===== Data

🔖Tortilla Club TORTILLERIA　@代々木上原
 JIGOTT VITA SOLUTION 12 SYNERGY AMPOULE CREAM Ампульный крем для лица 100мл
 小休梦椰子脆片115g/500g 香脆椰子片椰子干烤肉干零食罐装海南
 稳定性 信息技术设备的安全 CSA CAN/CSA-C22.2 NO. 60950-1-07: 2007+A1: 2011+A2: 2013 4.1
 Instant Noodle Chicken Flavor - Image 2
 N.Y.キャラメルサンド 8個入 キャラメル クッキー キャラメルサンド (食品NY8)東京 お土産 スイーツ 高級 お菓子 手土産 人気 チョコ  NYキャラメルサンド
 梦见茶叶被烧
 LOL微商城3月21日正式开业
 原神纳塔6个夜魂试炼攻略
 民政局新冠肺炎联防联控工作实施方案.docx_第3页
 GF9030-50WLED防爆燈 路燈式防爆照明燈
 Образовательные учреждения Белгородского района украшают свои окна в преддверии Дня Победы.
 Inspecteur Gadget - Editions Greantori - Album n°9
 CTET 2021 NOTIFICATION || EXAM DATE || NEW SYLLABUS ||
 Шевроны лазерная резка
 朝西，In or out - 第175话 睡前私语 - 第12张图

==========

### Your instructions
From the entries above, restate word for word the lines from the line containing "Instant Noodle Chicken Flavor - Image 2" to the line containing "Образовательные учреждения Белгородского", both ends included, and nothing more.

### Task solution
 Instant Noodle Chicken Flavor - Image 2
 N.Y.キャラメルサンド 8個入 キャラメル クッキー キャラメルサンド (食品NY8)東京 お土産 スイーツ 高級 お菓子 手土産 人気 チョコ  NYキャラメルサンド
 梦见茶叶被烧
 LOL微商城3月21日正式开业
 原神纳塔6个夜魂试炼攻略
 民政局新冠肺炎联防联控工作实施方案.docx_第3页
 GF9030-50WLED防爆燈 路燈式防爆照明燈
 Образовательные учреждения Белгородского района украшают свои окна в преддверии Дня Победы.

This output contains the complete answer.